Unterstützt die eingesetzte Musik die Handlung?
Für Comedys: Stimmt das Timing?
Es gibt noch viele weitere Fragen, die sich Kritiker stellen, je nach Genre. Aber bei diesen elf Kriterien will ich es jetzt erstmal belassen.
Beim persönlichen Geschmack ist allerdings nur eine einzige Frage entscheidend:
Ist das was für mich?
Und in dieser Frage schwingt sehr viel mit: die Lebenssituation der Person (zum Beispiel: Stadt/Land? Beruf? Single, Paar oder Familie?), der Erfahrungshorizont, die persönlichen Interessen, der Humor, die Toleranz für Gewaltsszenen, die Stimmung, in der man gerade ist und noch einiges mehr.
Ich bemühe mich immer, diese Trennung einzuhalten.

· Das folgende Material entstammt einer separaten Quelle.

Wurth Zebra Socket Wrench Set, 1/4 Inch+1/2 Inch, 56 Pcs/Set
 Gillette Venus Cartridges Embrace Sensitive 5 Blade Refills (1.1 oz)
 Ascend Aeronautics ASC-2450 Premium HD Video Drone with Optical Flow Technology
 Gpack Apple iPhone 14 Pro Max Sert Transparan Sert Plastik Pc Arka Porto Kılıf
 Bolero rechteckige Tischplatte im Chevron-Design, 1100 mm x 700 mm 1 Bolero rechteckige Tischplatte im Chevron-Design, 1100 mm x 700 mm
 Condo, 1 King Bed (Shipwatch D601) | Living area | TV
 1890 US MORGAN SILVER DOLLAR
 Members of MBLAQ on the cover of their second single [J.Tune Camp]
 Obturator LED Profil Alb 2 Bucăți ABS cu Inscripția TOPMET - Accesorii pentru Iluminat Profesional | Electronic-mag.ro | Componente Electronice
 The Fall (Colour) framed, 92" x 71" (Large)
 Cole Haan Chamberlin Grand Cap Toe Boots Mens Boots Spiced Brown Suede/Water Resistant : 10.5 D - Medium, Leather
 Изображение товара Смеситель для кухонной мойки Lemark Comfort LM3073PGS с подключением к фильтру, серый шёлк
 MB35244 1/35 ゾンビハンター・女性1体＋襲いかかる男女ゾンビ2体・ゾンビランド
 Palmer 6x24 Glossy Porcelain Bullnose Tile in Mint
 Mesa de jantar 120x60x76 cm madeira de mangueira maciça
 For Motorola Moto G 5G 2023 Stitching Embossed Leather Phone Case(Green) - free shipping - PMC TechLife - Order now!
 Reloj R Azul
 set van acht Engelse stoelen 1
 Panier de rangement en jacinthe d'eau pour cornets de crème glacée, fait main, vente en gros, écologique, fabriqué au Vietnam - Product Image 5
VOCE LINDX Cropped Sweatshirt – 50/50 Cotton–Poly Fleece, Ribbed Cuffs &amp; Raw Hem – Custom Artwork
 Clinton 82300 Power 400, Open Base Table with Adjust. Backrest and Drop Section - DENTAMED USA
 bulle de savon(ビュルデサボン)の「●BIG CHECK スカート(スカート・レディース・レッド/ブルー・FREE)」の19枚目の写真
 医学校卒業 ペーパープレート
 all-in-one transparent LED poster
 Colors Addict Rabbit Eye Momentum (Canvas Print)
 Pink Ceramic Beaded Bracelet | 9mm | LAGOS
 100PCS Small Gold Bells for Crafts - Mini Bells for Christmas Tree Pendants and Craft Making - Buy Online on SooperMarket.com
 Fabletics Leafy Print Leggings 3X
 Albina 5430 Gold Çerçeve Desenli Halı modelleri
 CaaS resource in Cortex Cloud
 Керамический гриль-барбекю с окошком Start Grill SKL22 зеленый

Was nicht einfach ist, weil beim Gucken sehr viel Gefühl mitschwingt (und bewusst von den Serienmachern erzeugt wird) - weshalb sich der Geschmack oft als professionelles Kriterium zu tarnen versucht. Und: Die professionellen Kriterien sind nicht immer eindeutig zu bewerten. Weil ich aus eigener Erfahrung weiß, dass für das Gefallen einer Serie immer der Geschmack die entscheidende Rolle spielt, werden Sie von mir nur in absoluten Ausnahmefällen Sätze wie "Die beste Serie" oder Listen wie "Die 10 besten Serien des Jahres" lesen - bei mir lauten die Sätze dann eher "die meiner Meinung nach beste Serie" oder die Listen "Die 10 Serien, die mir in diesem Jahr am besten gefallen haben".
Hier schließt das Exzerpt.